跳转至

Local Model Evaluation Scheme | 本地模型测评方案

How do you know which model is better for your specific hardware and use case? This document provides a standardized scheme for local model evaluation.

如何知道哪个模型更适合您的硬件和应用场景?本文档提供了一套标准化的本地模型测评方案。

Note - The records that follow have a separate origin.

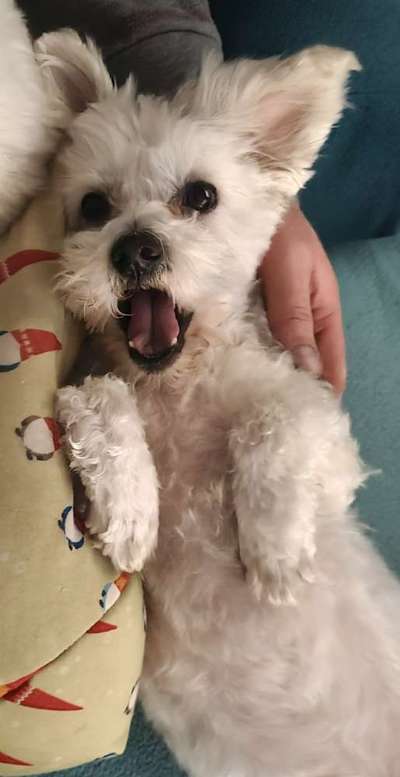 Zeigt mir die tollste Nahaufnahme von eurer Fellnase-Beitrag-Bild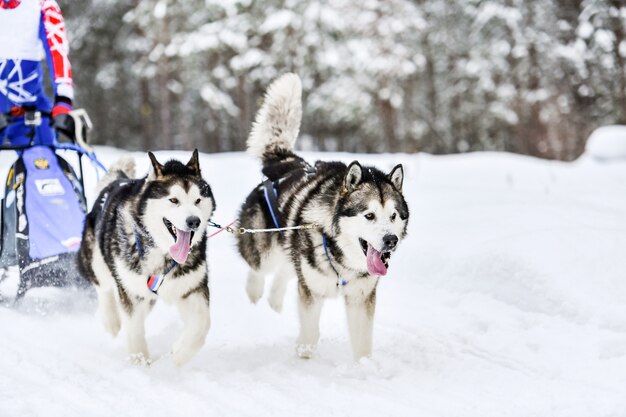 Husky Schlittenhunderennen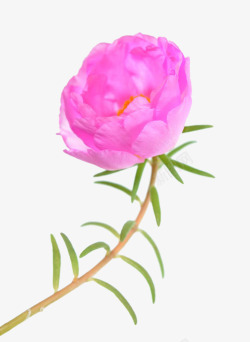 粉色马齿苋花素材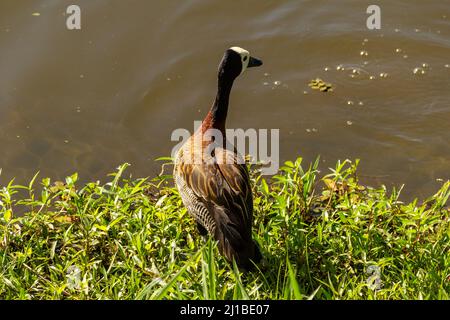 Goias, Brésil – 23 mars 2022 : un canard sur l'herbe au bord du lac dans un parc public. Irerê (Dendrocygna viduata) Banque D'Images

1. Evaluation Dimensions | 测评维度

Dimension (维度) Core Metrics (核心指标) Recommended Tools/Datasets (推荐工具/数据集) Local Tips (本地操作要点)
Base Capability
基础能力
Language: Perplexity (PPL), BLEU.
Knowledge: MMLU (General), C-Eval (Chinese).
Logic: GSM8K (Math), ARC-AGI.
Coding: HumanEval.
MMLU, C-Eval, GSM8K, HumanEval Use standardized datasets and scripts to calculate accuracy/match rate.
使用标准化数据集,通过脚本批量测试。
Performance
性能效率
Throughput: Tokens/s.
Latency: TTFT (Time to First Token).
Stability: Context length support.
Custom Scripts, vLLM, Ollama Fix input/output length, run multiple times, take average.
固定输入输出长度,多次测试取平均值。
Resource
资源消耗
VRAM: Peak usage.
RAM: System memory peak.
Energy: Watts/token.
nvidia-smi, htop, DCGM Monitor hardware during stress tests.
在压力测试下记录硬件监控数据。

2. How to Execute Local Evaluation | 如何执行本地测评

Step 1: Prepare Environment (准备环境)

  • Models: Ensure models are at the same quantization level (e.g., all 4-bit) for fairness.
    确保对比的模型采用相同的量化等级(如均采用 4-bit),保证公平性。
  • Hardware: Isolate the test machine. Close background apps.
    确保硬件环境唯一,避免其他进程干扰。
  • Tools: Install transformers, vLLM, or OpenCompass (a powerful evaluation framework).
    安装必要的库,OpenCompass 是一个强大的自动化评测框架。

Step 2: Automate Testing (实施自动化测评)

  • Base Test: Write scripts to load MMLU/C-Eval datasets, query the model, and compare answers.
    编写脚本批量运行基础能力测试。
  • Performance Test: Use a fixed prompt (e.g., "Write a 300-word essay on AI") and record Tokens/s.
    使用固定提示词重复测试,记录 Tokens/s 和延迟。
  • Resource Monitor: Run nvidia-smi --query-gpu=memory.used --format=csv -l 1 in background to log VRAM.
    在后台运行监控命令记录显存占用峰值。

Step 3: Analyze & Optimize (分析结果与优化)

  • Visualize: Create charts comparing models across dimensions.
    将结果汇总成表格或可视化图表。
  • Context Matters: For logic tasks, prioritize GSM8K scores over speed. For chat bots, prioritize TTFT.
    重点关注模型在不同场景下的性能差异。逻辑任务看重准确率,聊天机器人看重首字延迟。

3. Important Notes | 重要提醒

  1. No "Perfect" Model: Define your goal (Coding vs. Creative Writing) first.
    没有“全能”的模型。测评前想清楚主要应用场景。
  2. Avoid Overfitting: Ensure test data wasn't in the training set (Data Contamination).
    警惕过拟合,确保测评数据集与训练数据无重叠。
  3. Human Eval: For subjective quality, human review is still necessary.
    对于内容质量等主观指标,必须结合人工评测。